Note how oddly “the gospel” is spoken of in this segment.  It certainly doesn’t seem at all consistent with what Mr. Purswell shares today on CJ’s blog.  Rather than being about the accomplished fact of what Jesus has already done for us, “the gospel” in the above exerpt is something that can “take hits” because of a person’s attitudes toward problem-solving, or because of a person’s (supposedly) faulty devotional habits.

It’s a good step in the right direction, of course, to read Mr. Purswell’s blog post today.  But how consistent are his words –

So, for example, although the gospel calls me to respond to what Jesus has done, strictly speaking it doesn’t include my response—repentance is not the gospel.
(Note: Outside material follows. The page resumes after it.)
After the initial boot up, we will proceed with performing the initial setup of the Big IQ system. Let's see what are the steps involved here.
Although the gospel introduces me to a life lived in glad obedience to God, strictly speaking it doesn’t include that life of obedience. Our existence as Christians involves unspeakable privileges, significant responsibilities, and untold promise. But those things themselves are not the gospel.

with what SGM churches actually proclaim through their actions on a daily basis?
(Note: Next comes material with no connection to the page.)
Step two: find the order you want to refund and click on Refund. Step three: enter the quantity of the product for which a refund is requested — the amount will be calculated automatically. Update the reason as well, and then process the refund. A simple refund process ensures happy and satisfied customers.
If “the gospel” is really all about what Jesus has done for us, then why does “the gospel” within SGM seem to hinge on all sorts of elements of our response TO the gospel, like our participation in a very specific kind of church life?

After all, Sovereign Grace Ministries views its church-planting efforts as “missions.”  In fact, SGM does very little else to “spread the gospel” except to start more SGM churches, which typically pop up in suburbs that are already saturated with plenty of other decent Bible-believing, gospel-proclaiming churches.

So what’s going on here?

I’m glad that Jeff Purswell has taken the time to give us such a good definition of the good news of Jesus’ accomplished work on our behalf.

It just seems to me like what he wrote bears little resemblance to the reality of daily life within most SGM churches.